_What is being asked_
Below this sentence is a listing; return exactly its lines from the one with "Stufa in ghisa" to the one with "Appartement cosy avec", both kept, and nothing more.

_Source data_
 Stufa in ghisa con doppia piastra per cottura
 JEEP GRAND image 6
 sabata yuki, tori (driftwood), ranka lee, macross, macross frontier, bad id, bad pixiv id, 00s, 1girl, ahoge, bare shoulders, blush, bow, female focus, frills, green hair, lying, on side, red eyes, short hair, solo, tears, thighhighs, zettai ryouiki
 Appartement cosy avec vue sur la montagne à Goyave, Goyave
* * *
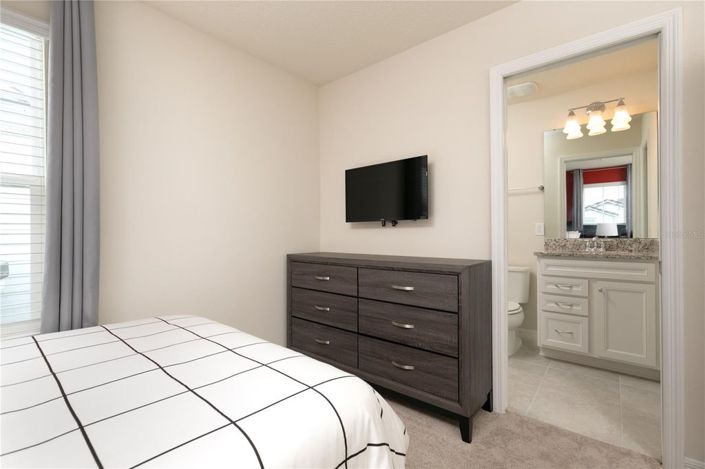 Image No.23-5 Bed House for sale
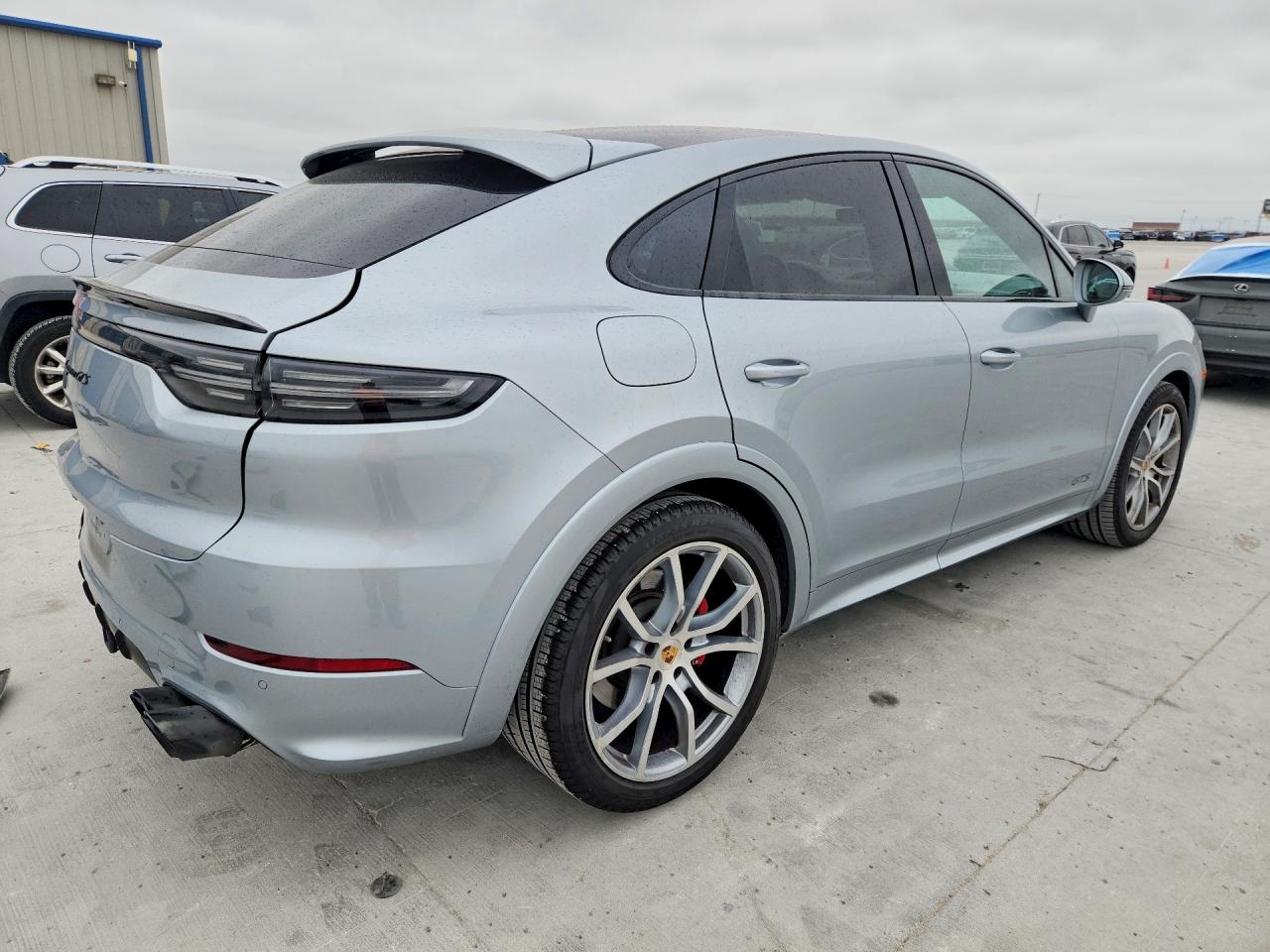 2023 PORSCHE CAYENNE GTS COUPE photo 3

_Solution to this exercise_
 Stufa in ghisa con doppia piastra per cottura
 JEEP GRAND image 6
 sabata yuki, tori (driftwood), ranka lee, macross, macross frontier, bad id, bad pixiv id, 00s, 1girl, ahoge, bare shoulders, blush, bow, female focus, frills, green hair, lying, on side, red eyes, short hair, solo, tears, thighhighs, zettai ryouiki
 Appartement cosy avec vue sur la montagne à Goyave, Goyave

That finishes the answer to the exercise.